Figure 2b represents pooled PFS. Six RCTs of primary diagnosis of GBM reported on patients (total n = 2037) treated with and without BEV, with HR < 1 indicating a protective effect of BEV. Heterogeneity was lower for PFS, with an I2 statistic of 40.77%, suggesting a moderate level of between-study variability. The pooled estimate of the HR suggests that treatment with BEV is associated with a 33% decreased risk of disease progression (HR 0.67, 95% confidence interval 0.58–0.78; p < 0.001).

2.4. Meta-Analysis of Months

Five RCTs’ (total n = 1116) reported data that allowed for analysis of mean difference OS between treatment with and without BEV (Figure 3a). There were five RCTs with primary diagnosis of GBM available for comparison, with a larger number of the mean difference in months indicating a protective effect of BEV. The I2 statistic of 0% suggests the studies are homogenous. A pooled estimate of the mean difference in months of overall survival of −0.13 suggests very little difference between treatment groups in duration of survival post-diagnosis with GBM (95% CI for mean difference in months is −1.87 to 1.61).

Figure 3

Forest plot of the pooled mean difference in months between treatment with and without BEV for overall survival (a) and progression free survival (b) across five RCTs of newly diagnosed glioblastoma. HR < 1 indicates a protective effect of BEV.

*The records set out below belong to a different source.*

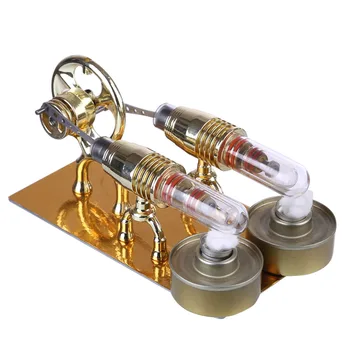 Dviejų Cilindrų Stirlingo Variklio Modelis Variklio Mokymo Modelis Rodo, Mokslo, Švietimo Žaislai Vaikams, Žaislai, Gimtadienio Dovana - Aukso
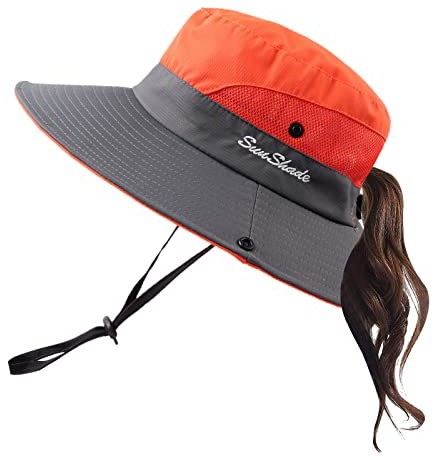 Sonnenhut Kinder Erwachsene Sommerhut UV Schutz Sommermütze knautschbarer Wasserfester Fischerhut mit Kinnband Gartenhut Boonie hat damen für Gartenarbeit Wandern (Orange-Mehrfarbig, Gr.Erwachsener)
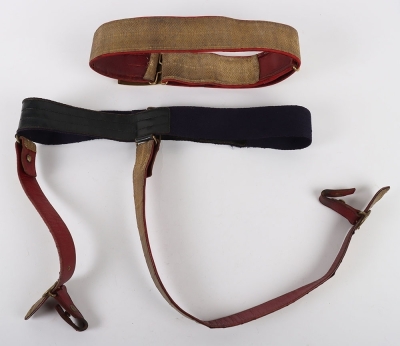 6th Inniskilling Dragoon Officers Full Dress Waist Belt & Slings. Red leather waist belt with scarlet cloth edges and under tunic sword slings all with gilt regimental lace, however a non regimental VR silver & gilt dragoon buckle. In good condition. - 2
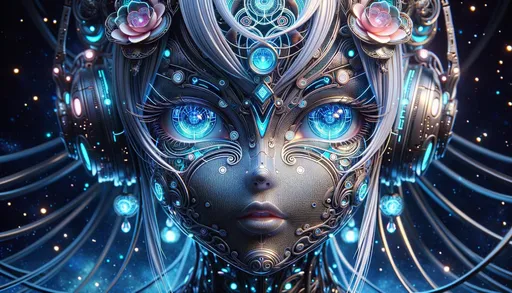 Prompt: Macro photo illuminating the intricate facial texture of an anime android robot girl, with eyes that appear as portals to a celestial realm in shades of blue, accentuated by neon art nouveau embellishments and silver highlights, set against a deep space canvas in wide ratio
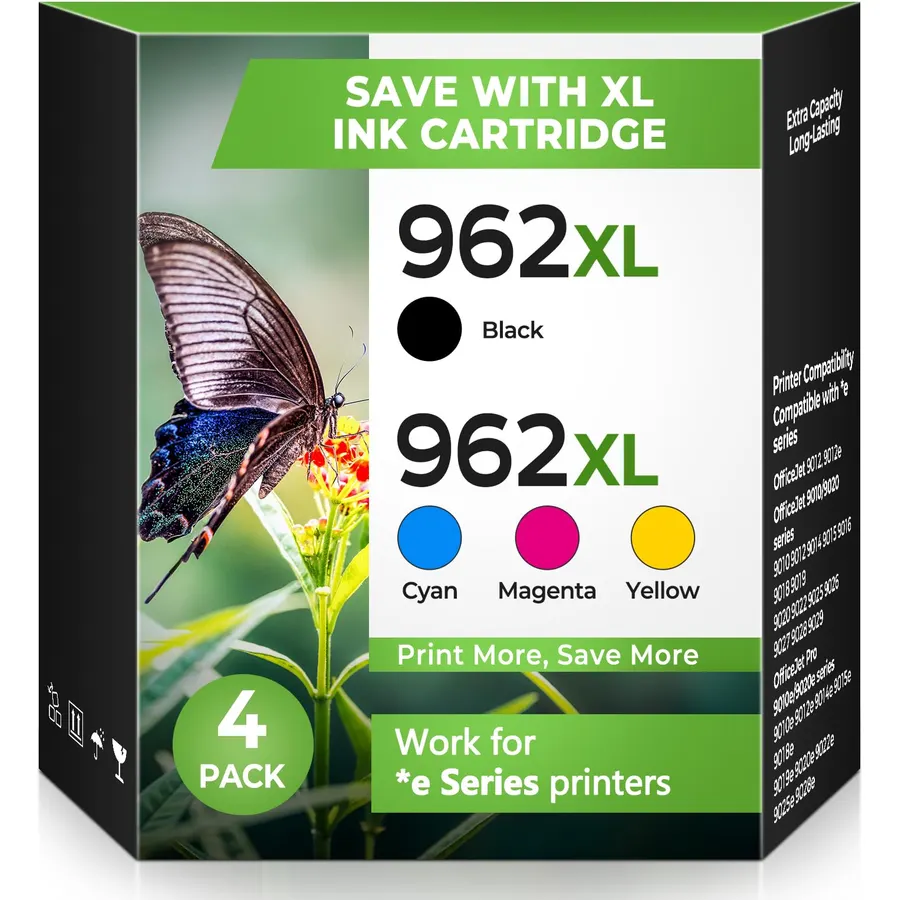 962XL Ink Cartridges Office Jet Pro 9010e Compatible for HP 962XL HP962XL 962 Ink Cartridges Combo Pack Replacement for Office Jet Pro 9020e 9015e 9018e 9025e 9015 9010 9020 9018 9025 9012e Printer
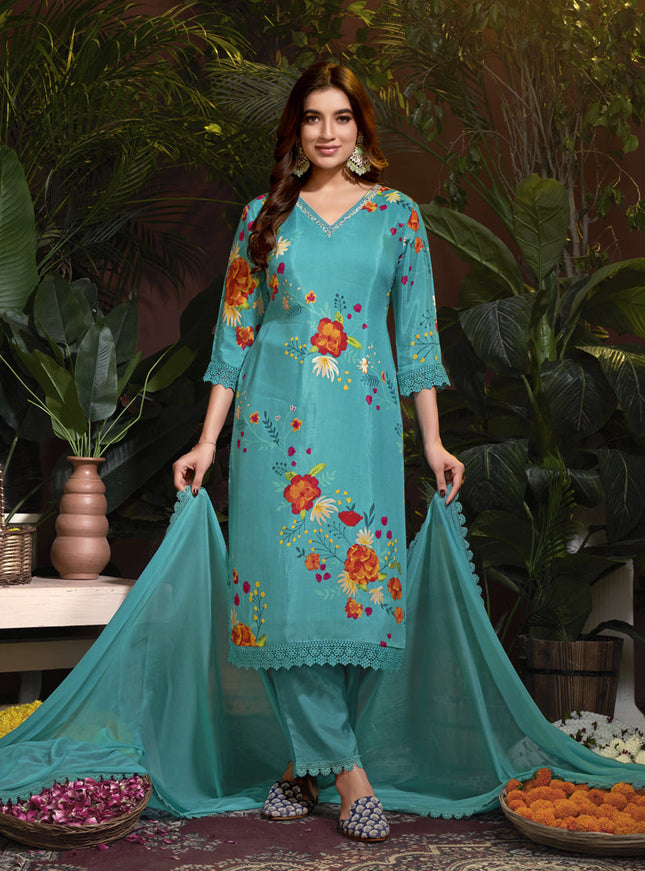 Sea Blue Muslin Printed Readymade Pant Kameez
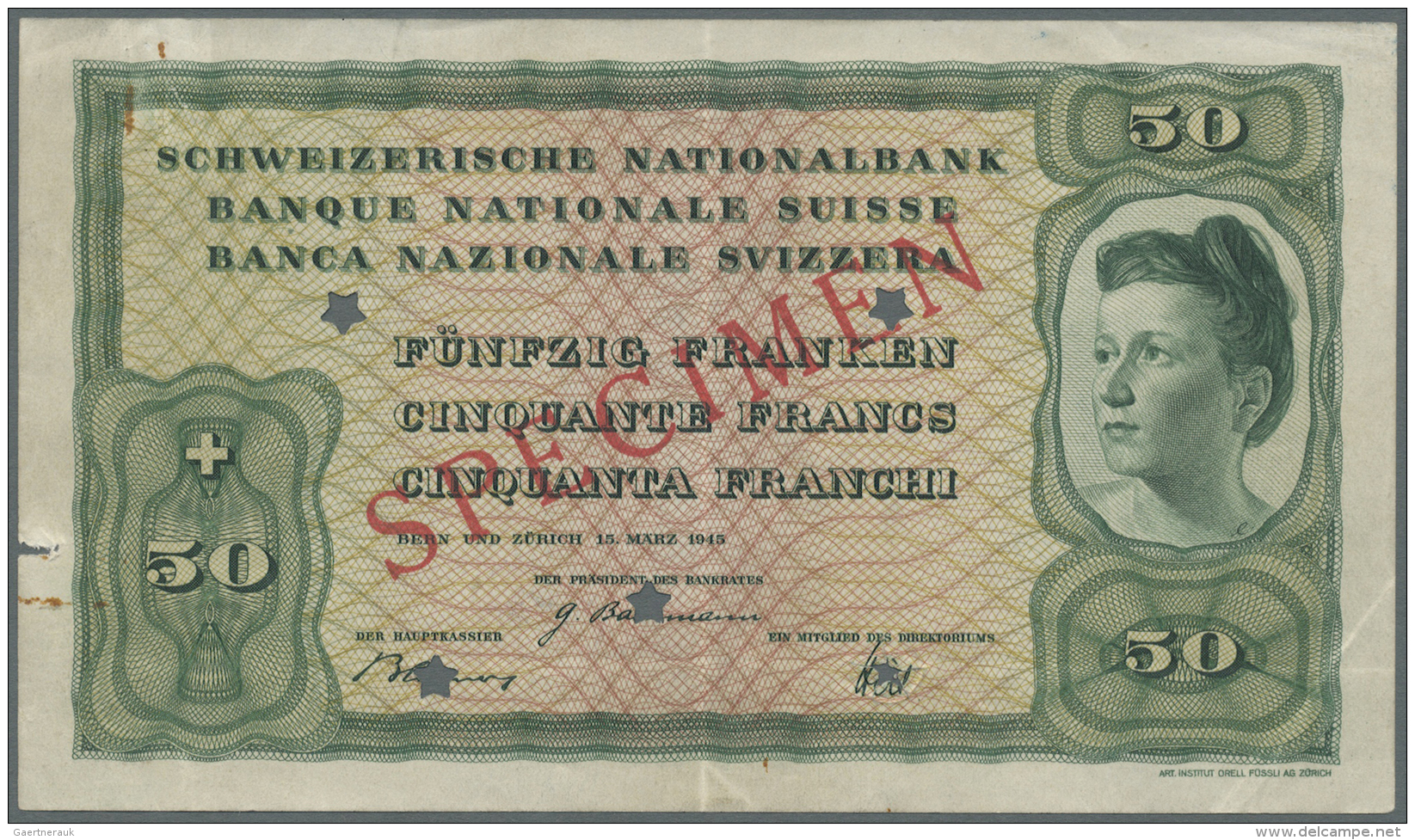 Switzerland / Schweiz: 50 Franken 1945 Specimen P. 42s, Rare Unissued Banknote, 5 Star Cancellation Holes, Red Specimen - Suisse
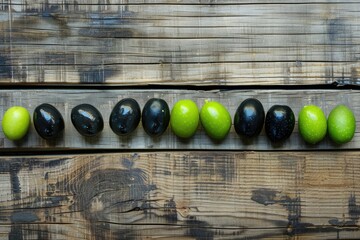 Set of green and black olives on wooden background. - obrazy, fototapety, plakaty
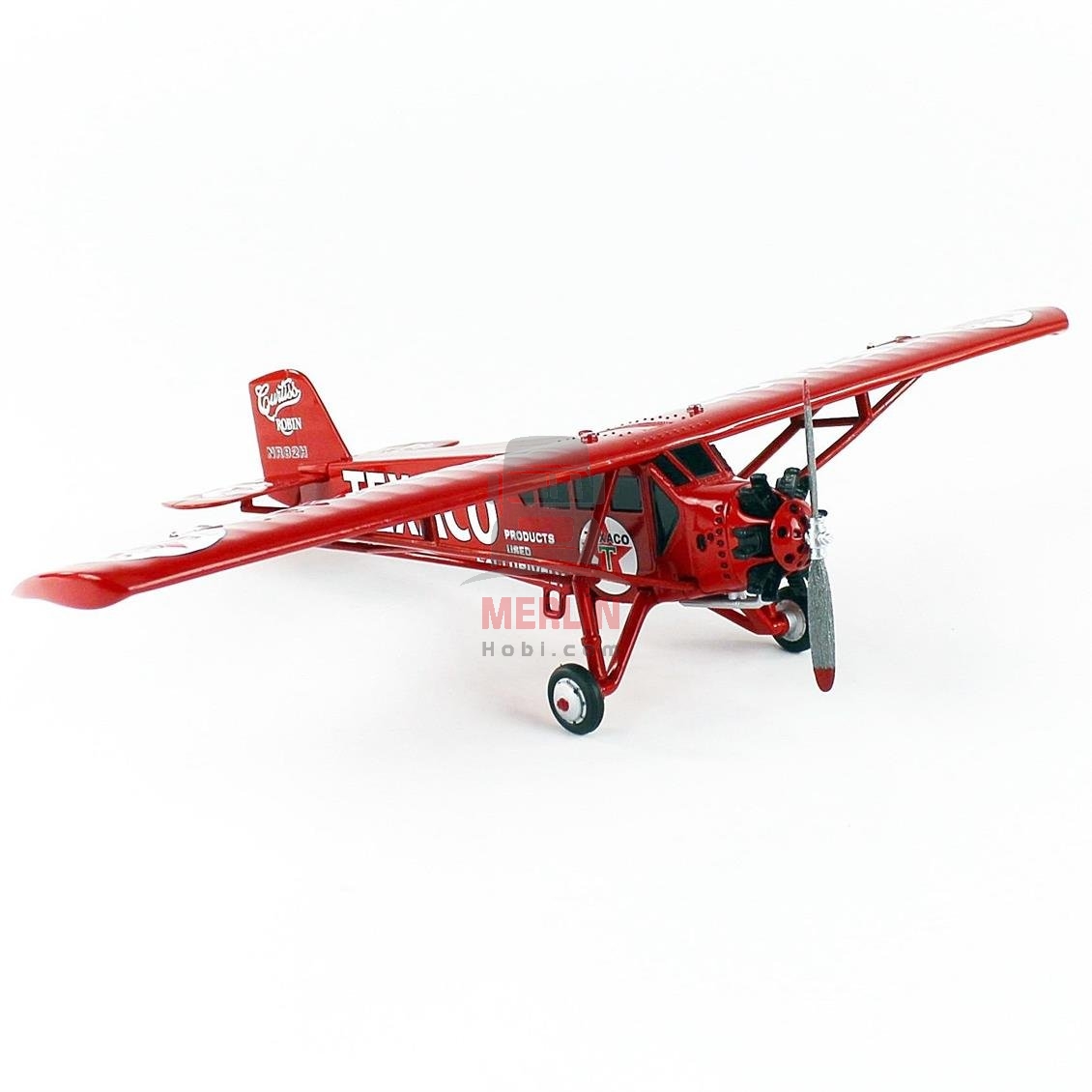 1/38 1929 TEXACO CURTİS ROBİN, Kırmızı Renk Uçak - Metal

Figure 3b shows a forest plot of the mean difference in months of PFS between treatment with and without BEV across five RCTs of primary diagnosis of GBM (total n = 1116). An I2 statistic of 0% suggests the studies are homogenous. The pooled estimate for mean difference in the months of PFS was 2.7 (95% CI, 1.89–3.50; p < 0.001), suggesting patients with newly diagnosed GBM treated with BEV had an added mean of 2.7 months of PFS in comparison to those not receiving BEV.

3. Discussion

The use of BEV for the treatment of GBM has been shown to prolong PFS; its effect on OS, however, has been less clear [11,18]. Meta-analysis has previously proven valuable as a knowledge translation guide in the setting of inconclusive primary evidence (see, for example, effect of pooled analysis of data from the DECIMAL, DESTINY and HAMLET studies on the management of patients with malignant infarction of the middle cerebral artery) [19]. Our aim was to review the recent literature on the use of BEV for the treatment of newly diagnosed GBM. The data allowed us to run meta-analyses on the HR and months of OS and PFS as a measure of survival.

The literature search yielded seven RCTs investigating the efficacy of BEV on the treatment of newly diagnosed GBM, six of which had published sufficient data to run the meta-analyses. Our meta-analysis showed that BEV did not have a significant effect on OS; however, it conferred a significantly prolonged PFS. The secondary meta-analysis on the mean difference in the number of months between the treatment and control group provided confirmatory results to our original meta-analysis on HRs. These findings are consistent with the previous literature stating that BEV does not provide a protective effect in terms of OS in patients with newly diagnosed GBM, despite its prolongation of PFS [11].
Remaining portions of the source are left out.